= SS Alice McGuigin =

SS Alice McGuigin was a two-masted schooner that sank in Lake Borgne off Pearlington, Mississippi, United States in the 1893 Cheniere Caminada hurricane. Under the command of Captain Wm. Delavier with five crewmembers, the schooner was owned by the Poitevent & Favre Lumber Company before lost at sea on October 2, 1893.

==History==

The SS Alice McGuigin was a wooden commercial schooner engaged in delivering lumber and other goods to New Orleans from the ports of Pearlington and Pascagoula, Mississippi, United States.
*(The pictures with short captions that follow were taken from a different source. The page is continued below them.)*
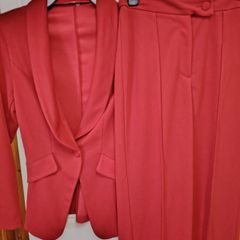 Red Female Suit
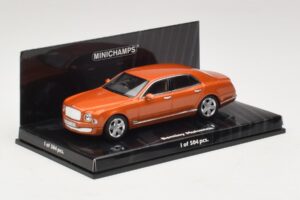 Bentley Mulsanne Portocaliu Metalizat Minichamps 1:43 436139902 Metal - imaginea 2 din 4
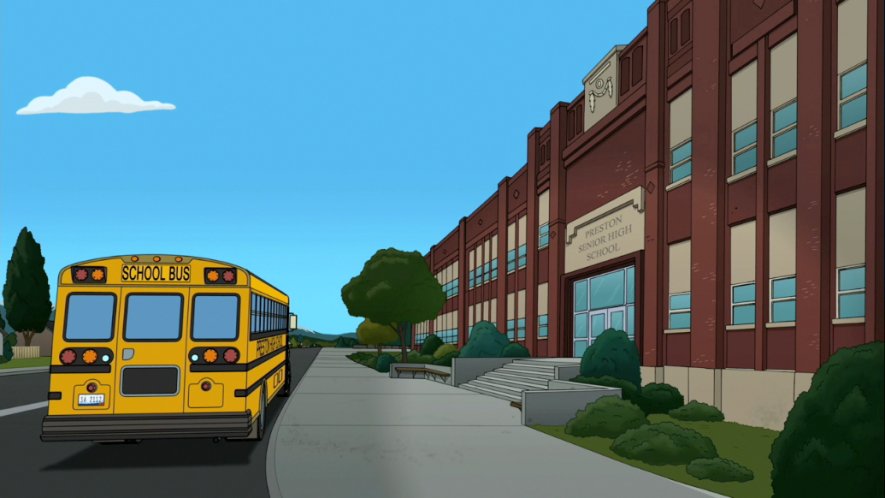 GMC B-Series Blue Bird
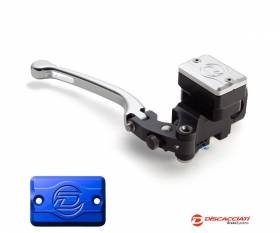 Radial Master Cylinder DISCACCIATI D.14 with Rectangular Tank SILVER Lever  Blue Tank 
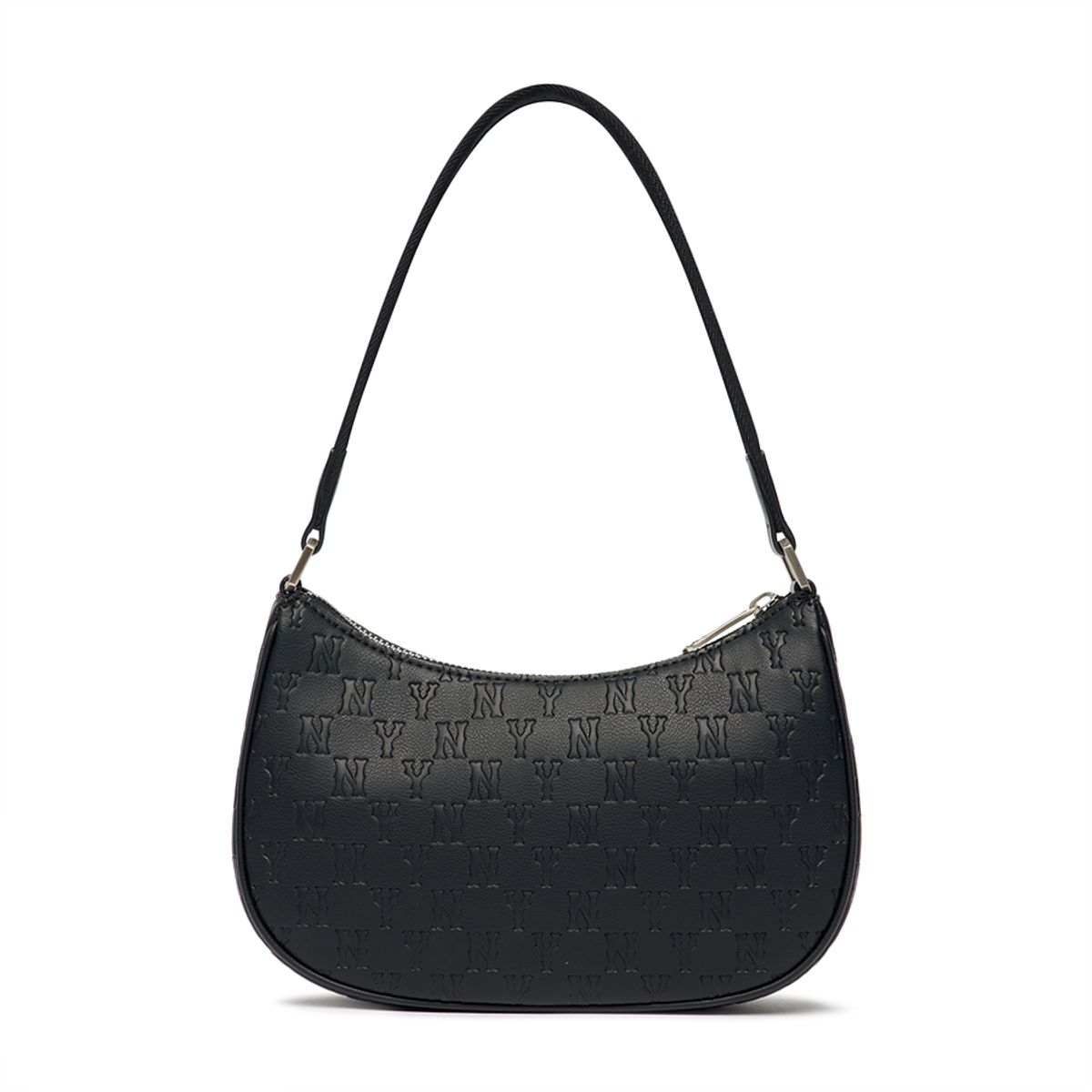 엠엘비(MLB) 모노그램 엠보 호보백 NY (Black)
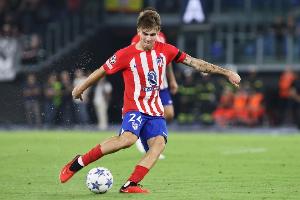 记者：马竞中场巴里奥斯今日恢复合练，可能参加本轮欧冠比赛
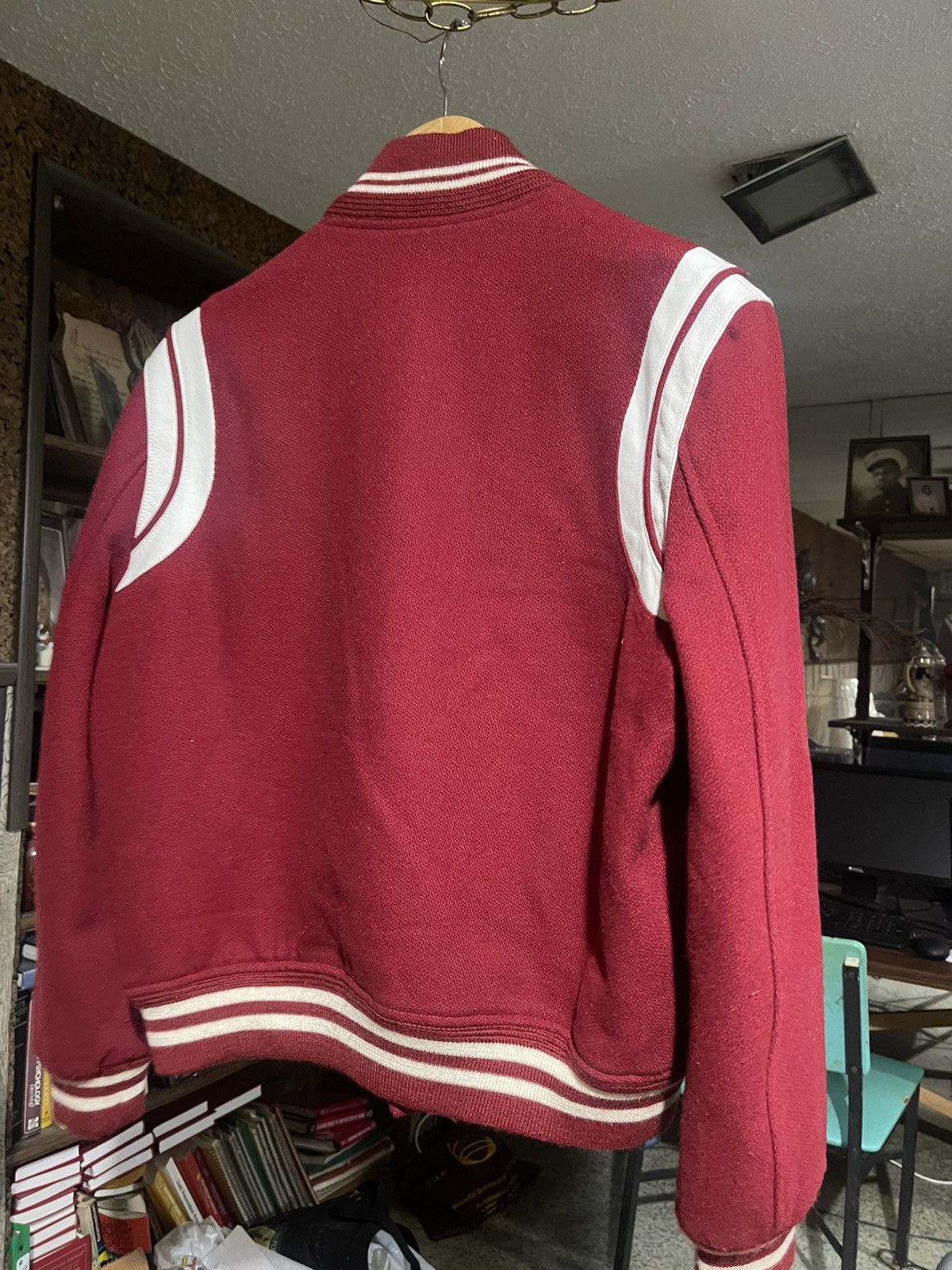 Saint Laurent Paris Red Saint Laurent Teddy 50 Hedi Slimane Size US M / EU 48-50 / 2 - 2 Thumbnail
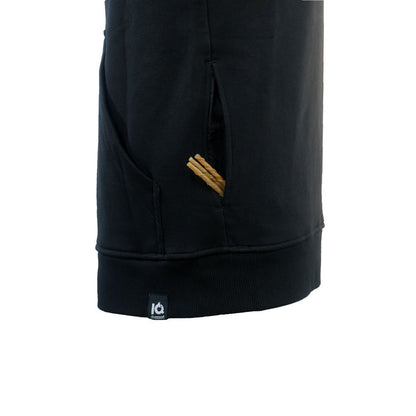 IQ Trainingshoodie 'Cross' – abwaschbare Futtertasche am Hoodie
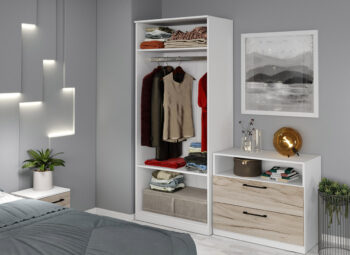 Dulap Provence - 83 cm - D2 - stejar integral - imagine 2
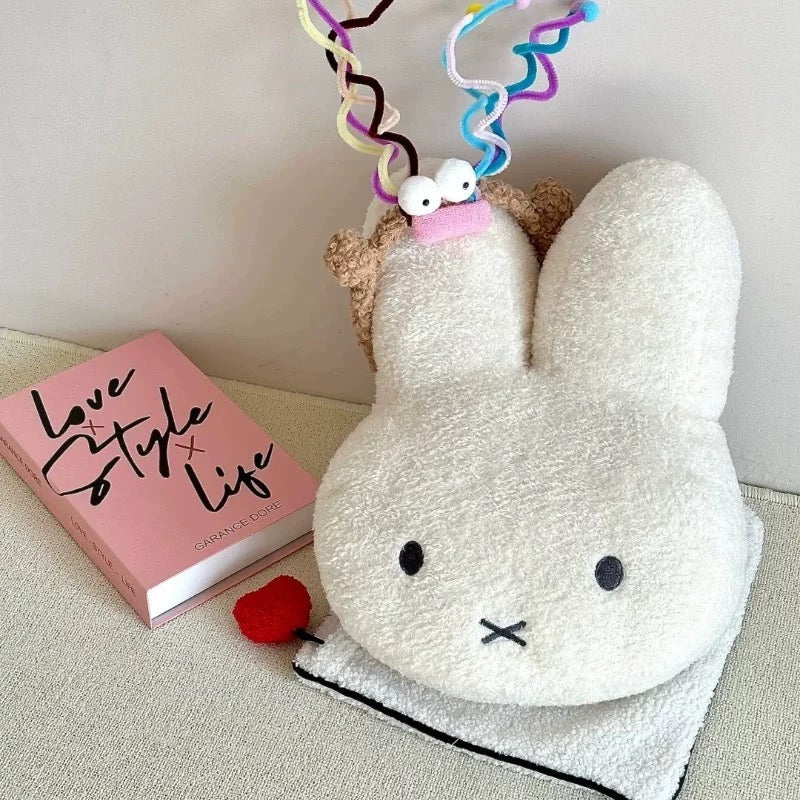Miffy-inspired bunny cushion for cozy naps and anime lovers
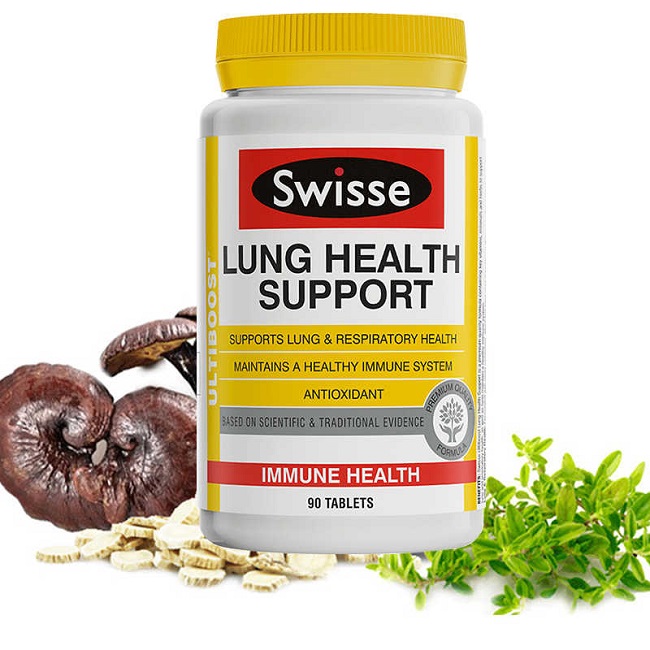 Thải độc phổi Swisse Lung Health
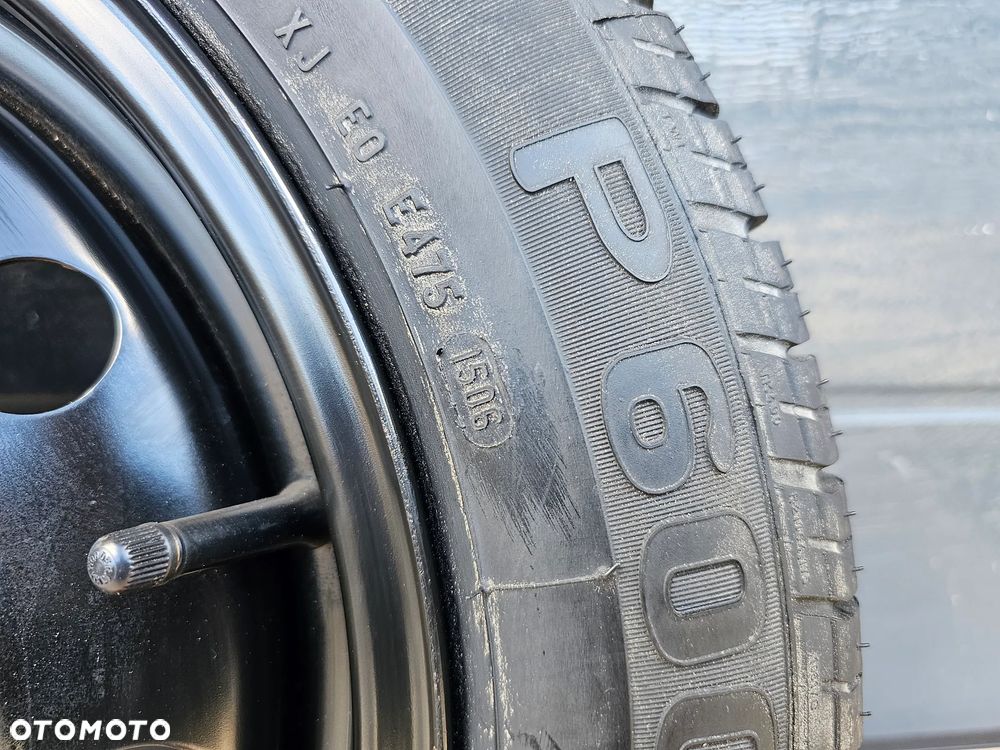 KOŁO ZAPASOWE ZAPAS DOJAZDOWE OPEL ASTRA G H MERIVA A CORSA C D 4x100 ET43 185/60 R15 - 5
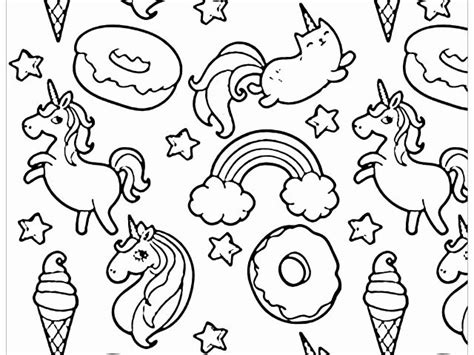 Download Ice Cream Unicorn Coloring Pages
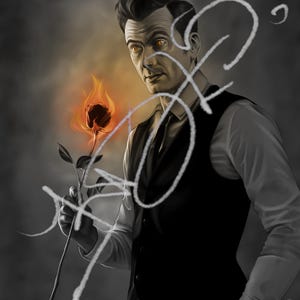 Burning rose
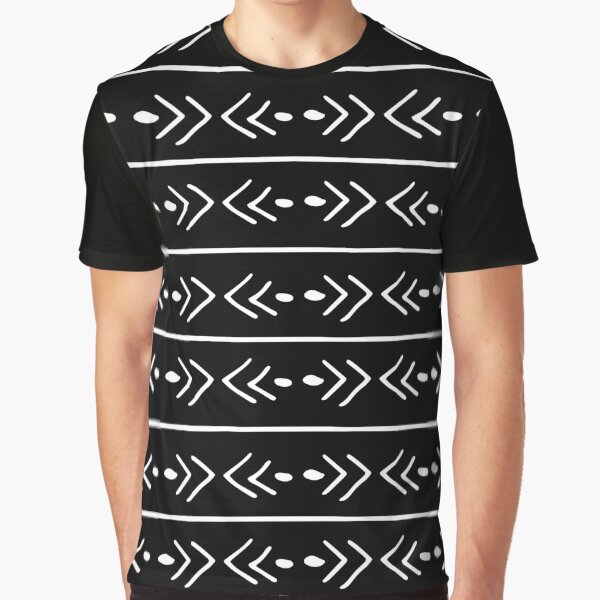 Mudcloth, African, Black and White Art, Boho Wall Art by meggydesigns T-Shirts, Hoodie, Sweatshirt (Image 1)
Owned by the Poitevent & Favre Lumber Company, the schooner was used to train rookie sailors employed by the company. On two occasions, the schooner was boarded by Union navy vessels assigned to the West Gulf Blockading Squadron during the Civil War and then released.

==Sinking==

The SS Alice McGuigin sailed from the lumber yards of coastal Mississippi on Sunday October 2nd headed through the Rigolets pass between Lake Borgne and Lake Pontchartrain. During their transit, the vessel was caught in the hurricane and foundered with all lives aboard lost. The Alice McGuigan was eventually discovered by a mail boat, mast-downward in Lake Borgne, only three miles from the pier she left in Pearlington, Mississippi. Several bodies were eventually recovered including that of Captain Delavier.